Some other countries are taking a more hands-off approach. For example, the UK, home of Google DeepMind, has said it does not intend to regulate AI in the short term. However, any company outside the EU, the world’s second-largest economy, will still have to comply with the AI Act if it wants to do business in the trading bloc.
Columbia University law professor Anu Bradford has called this the “Brussels effect”—by being the first to regulate, the EU is able to set the de facto global standard, shaping the way the world does business and develops technology. The EU successfully achieved this with its strict data protection regime, the GDPR, which has been copied everywhere from California to India. It hopes to repeat the trick when it comes to AI.
So far, AI regulation in China has been deeply fragmented and piecemeal. Rather than regulating AI as a whole, the country has released individual pieces of legislation whenever a new AI product becomes prominent.

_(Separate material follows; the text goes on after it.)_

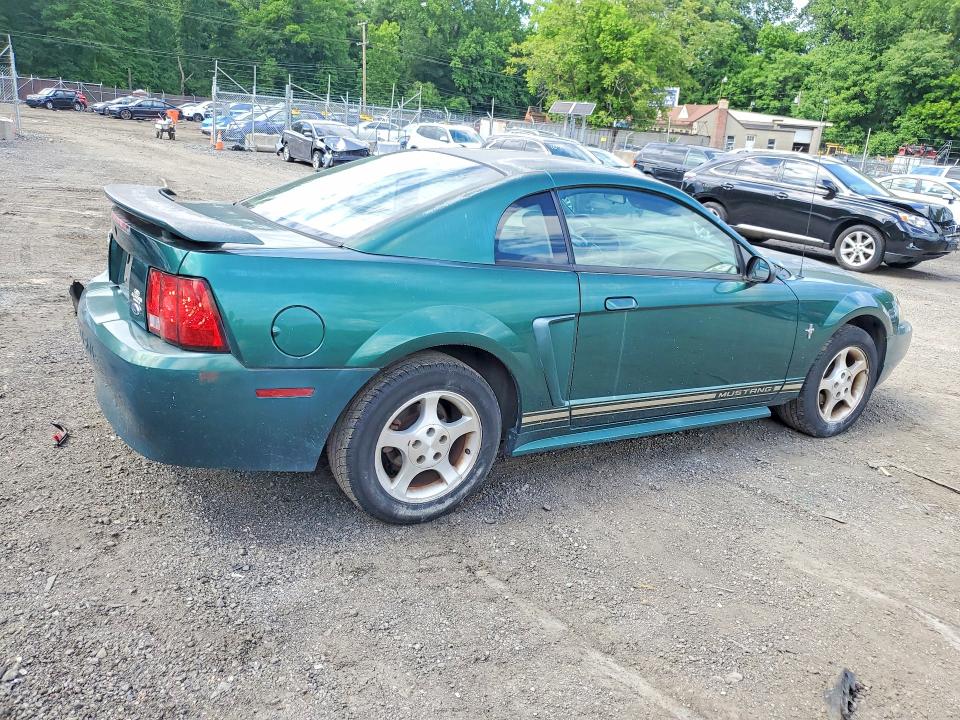Aukcja sprzedaży 2001 Ford Mustang, vin: 1FAFP404X1F160570, numer aukcji: 55023786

That’s why China has one set of rules for algorithmic recommendation services (TikTok-like apps and search engines), another for deepfakes, and yet another for generative AI.
The strength of this approach is it allows Beijing to quickly react to risks emerging from the advances in technology—both for the users and for the government. But the problem is it prevents a more long-term and panoramic perspective from developing.
That could change next year. In June 2023, China’s state council, the top governing body, announced that “an artificial intelligence law” is on its legislative agenda. This law would cover everything—like the AI Act for Europe. Because of its ambitious scope, it’s hard to say how long the legislative process will take. We might see a first draft in 2024, but it might take longer. In the interim, it won’t be surprising if Chinese internet regulators introduce new rules to deal with popular new AI tools or types of content that emerge next year.
So far, very little information about it has been released, but one document could help us predict the new law: scholars from the Chinese Academy of Social Sciences, a state-owned research institute, released an “expert suggestion” version of the Chinese AI law in August. This document proposes a “national AI office” to oversee the development of AI in China, demands a yearly independent “social responsibility report” on foundation models, and sets up a “negative list” of AI areas with higher risks, which companies can’t even research without government approval.
Currently, Chinese AI companies are already subject to plenty of regulations. In fact, any foundation model needs to be registered with the government before it can be released to the Chinese public (as of the end of 2023, 22 companies have registered their AI models).
This means that AI in China is no longer a Wild West environment. But exactly how these regulations will be enforced remains uncertain. In the coming year, generative-AI companies will have to try to figure out the compliance reality, especially around safety reviews and IP infringement.